Malgré un degré élevé d’incertitude quant à l’ampleur du remplacement d’emplois, la création/le remplacement d’emplois due à la digitalisation affectera beaucoup moins de personnes que la transformation des emplois actuels. Ainsi, certaines tâches seront automatisées et d’autres tâches seront ajoutées. En effet, la digitalisation touche pratiquement tous les emplois, de l’agriculteur qui surveille digitalement l’humidité du sol à l’enseignant qui accède aux ressources pédagogiques en ligne.
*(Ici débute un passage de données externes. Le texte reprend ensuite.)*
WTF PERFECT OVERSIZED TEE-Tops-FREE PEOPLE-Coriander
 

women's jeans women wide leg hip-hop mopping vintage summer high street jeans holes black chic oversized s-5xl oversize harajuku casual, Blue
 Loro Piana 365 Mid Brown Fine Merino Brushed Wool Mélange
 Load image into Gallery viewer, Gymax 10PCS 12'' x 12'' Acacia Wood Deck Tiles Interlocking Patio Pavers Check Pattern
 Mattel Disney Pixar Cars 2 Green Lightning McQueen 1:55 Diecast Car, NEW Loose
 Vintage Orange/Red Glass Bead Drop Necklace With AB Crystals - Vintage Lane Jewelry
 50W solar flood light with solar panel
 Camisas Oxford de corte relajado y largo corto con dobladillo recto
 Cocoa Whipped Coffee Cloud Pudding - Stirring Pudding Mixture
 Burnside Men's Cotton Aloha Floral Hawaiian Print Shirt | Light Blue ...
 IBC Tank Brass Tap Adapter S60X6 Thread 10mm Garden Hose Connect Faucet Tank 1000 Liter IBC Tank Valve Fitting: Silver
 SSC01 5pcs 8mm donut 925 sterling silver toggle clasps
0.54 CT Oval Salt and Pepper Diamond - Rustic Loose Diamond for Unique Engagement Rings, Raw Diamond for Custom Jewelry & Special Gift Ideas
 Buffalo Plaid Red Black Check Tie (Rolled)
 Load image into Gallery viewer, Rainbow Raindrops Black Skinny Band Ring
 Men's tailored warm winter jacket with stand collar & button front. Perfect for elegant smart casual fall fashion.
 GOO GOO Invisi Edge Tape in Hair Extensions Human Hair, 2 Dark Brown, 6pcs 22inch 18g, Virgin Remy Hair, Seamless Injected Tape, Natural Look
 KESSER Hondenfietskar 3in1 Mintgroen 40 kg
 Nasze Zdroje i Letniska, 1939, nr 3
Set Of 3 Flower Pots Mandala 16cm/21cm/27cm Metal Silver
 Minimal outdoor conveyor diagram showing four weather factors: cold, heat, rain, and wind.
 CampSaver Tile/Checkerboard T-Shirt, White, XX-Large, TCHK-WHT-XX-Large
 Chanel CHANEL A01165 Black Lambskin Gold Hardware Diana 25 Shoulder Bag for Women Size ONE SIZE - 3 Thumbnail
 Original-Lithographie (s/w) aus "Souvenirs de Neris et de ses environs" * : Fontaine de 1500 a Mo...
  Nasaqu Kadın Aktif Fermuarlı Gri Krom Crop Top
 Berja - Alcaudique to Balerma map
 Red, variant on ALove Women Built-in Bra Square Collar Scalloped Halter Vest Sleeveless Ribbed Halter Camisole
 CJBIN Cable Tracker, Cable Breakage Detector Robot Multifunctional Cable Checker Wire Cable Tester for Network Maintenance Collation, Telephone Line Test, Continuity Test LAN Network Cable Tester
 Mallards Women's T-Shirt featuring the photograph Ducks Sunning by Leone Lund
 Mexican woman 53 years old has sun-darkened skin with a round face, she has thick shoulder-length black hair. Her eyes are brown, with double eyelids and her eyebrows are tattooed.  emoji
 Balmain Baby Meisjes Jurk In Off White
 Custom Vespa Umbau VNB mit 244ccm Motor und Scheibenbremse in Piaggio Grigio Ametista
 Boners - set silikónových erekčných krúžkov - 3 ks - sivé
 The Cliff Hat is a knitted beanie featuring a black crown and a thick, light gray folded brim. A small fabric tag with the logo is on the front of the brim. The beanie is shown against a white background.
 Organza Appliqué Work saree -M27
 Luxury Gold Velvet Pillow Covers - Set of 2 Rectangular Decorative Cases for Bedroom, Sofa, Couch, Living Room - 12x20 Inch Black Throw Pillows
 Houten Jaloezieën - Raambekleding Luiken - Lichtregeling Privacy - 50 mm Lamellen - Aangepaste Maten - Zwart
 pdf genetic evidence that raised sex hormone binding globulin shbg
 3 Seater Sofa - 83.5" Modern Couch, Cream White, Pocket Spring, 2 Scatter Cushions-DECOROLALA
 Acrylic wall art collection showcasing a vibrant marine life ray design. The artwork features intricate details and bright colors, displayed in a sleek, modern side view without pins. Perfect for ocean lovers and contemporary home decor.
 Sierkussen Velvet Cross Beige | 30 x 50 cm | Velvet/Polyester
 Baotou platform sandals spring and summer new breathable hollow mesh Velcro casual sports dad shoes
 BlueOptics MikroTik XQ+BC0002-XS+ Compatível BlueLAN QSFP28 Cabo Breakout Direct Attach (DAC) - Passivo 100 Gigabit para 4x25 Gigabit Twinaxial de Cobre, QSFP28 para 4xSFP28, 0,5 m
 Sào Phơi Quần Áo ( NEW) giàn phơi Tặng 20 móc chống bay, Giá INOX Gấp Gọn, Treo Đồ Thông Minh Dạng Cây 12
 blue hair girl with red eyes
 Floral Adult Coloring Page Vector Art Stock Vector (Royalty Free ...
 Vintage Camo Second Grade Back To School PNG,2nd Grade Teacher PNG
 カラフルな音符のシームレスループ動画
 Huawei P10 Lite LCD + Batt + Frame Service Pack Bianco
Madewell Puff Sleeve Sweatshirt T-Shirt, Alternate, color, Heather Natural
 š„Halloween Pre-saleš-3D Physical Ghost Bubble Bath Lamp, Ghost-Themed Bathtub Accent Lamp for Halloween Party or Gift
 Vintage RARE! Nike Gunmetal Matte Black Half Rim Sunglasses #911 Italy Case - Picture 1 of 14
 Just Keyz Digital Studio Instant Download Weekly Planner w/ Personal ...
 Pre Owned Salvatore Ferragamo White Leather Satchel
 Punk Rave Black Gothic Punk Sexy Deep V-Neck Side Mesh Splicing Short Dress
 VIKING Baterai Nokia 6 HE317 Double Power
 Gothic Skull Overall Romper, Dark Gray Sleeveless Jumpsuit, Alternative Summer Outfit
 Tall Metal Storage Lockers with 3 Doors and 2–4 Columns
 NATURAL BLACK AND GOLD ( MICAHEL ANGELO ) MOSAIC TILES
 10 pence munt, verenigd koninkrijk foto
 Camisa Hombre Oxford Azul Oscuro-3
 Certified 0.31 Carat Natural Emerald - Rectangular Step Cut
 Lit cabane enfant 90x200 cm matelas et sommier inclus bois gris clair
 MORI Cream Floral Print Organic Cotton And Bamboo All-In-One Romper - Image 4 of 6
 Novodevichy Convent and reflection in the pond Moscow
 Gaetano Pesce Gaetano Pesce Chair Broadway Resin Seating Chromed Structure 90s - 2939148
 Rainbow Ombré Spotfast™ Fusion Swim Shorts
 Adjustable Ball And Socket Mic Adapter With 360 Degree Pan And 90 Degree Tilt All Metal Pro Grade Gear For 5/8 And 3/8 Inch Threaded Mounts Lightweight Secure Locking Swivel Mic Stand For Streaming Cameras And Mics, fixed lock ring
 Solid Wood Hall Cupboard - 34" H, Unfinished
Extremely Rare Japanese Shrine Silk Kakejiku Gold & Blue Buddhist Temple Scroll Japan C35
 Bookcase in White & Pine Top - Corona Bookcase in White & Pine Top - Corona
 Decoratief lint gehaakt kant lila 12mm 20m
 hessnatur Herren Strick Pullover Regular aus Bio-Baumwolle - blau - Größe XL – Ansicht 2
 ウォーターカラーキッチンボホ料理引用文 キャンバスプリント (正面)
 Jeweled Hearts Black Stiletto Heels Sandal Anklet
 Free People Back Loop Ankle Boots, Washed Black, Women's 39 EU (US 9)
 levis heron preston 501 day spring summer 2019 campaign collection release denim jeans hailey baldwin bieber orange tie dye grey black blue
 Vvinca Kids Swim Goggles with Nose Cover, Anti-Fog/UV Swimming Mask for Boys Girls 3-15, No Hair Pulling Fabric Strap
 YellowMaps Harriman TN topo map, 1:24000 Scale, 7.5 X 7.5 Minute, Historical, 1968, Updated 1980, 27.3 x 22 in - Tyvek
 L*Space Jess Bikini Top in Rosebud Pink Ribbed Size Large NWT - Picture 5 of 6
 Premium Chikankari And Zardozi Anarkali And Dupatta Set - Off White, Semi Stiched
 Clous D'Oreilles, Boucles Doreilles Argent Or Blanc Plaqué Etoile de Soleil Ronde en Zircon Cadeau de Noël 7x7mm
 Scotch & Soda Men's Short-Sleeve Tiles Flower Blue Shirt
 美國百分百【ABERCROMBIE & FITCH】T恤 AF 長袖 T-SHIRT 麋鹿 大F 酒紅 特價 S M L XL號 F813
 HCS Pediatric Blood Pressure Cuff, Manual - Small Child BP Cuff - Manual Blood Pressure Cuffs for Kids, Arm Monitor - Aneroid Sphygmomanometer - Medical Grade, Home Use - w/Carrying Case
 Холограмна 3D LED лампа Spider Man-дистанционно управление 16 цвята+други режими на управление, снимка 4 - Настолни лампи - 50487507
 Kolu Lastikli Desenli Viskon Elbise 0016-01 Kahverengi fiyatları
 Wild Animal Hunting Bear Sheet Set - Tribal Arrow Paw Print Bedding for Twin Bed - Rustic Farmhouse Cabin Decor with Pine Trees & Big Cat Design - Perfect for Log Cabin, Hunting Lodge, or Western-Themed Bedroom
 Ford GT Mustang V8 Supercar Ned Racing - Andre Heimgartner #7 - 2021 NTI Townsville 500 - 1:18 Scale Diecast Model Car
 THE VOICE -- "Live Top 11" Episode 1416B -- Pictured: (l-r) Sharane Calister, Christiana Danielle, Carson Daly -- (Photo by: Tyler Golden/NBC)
  • Les emplois de niveau intermédiaire sont les plus préoccupants

L’augmentation de l’efficacité due aux TIC[12] a réduit le nombre d’emplois de nature répétitive qui se trouve au milieu de la répartition des revenus. On parle des salaires moyens. En revanche, les emplois non qualifiés mais surtout les emplois hautement qualifiés se sont multipliés. L’émergence de ce phénomène a été démontrée tant aux États-Unis[13] qu’en Europe[14]. C’est ce qu’on appelle parfois le changement technologique axé sur les tâches, qui est considéré comme contribuant à accroître les inégalités. Dans le même temps, les salaires ont augmenté plus rapidement pour les emplois plus qualifiés dans certains pays, mais l’inverse s’est produit dans plusieurs États membres. Contrairement aux États-Unis, les emplois faiblement rémunérés n’ont pas augmenté dans l’UE.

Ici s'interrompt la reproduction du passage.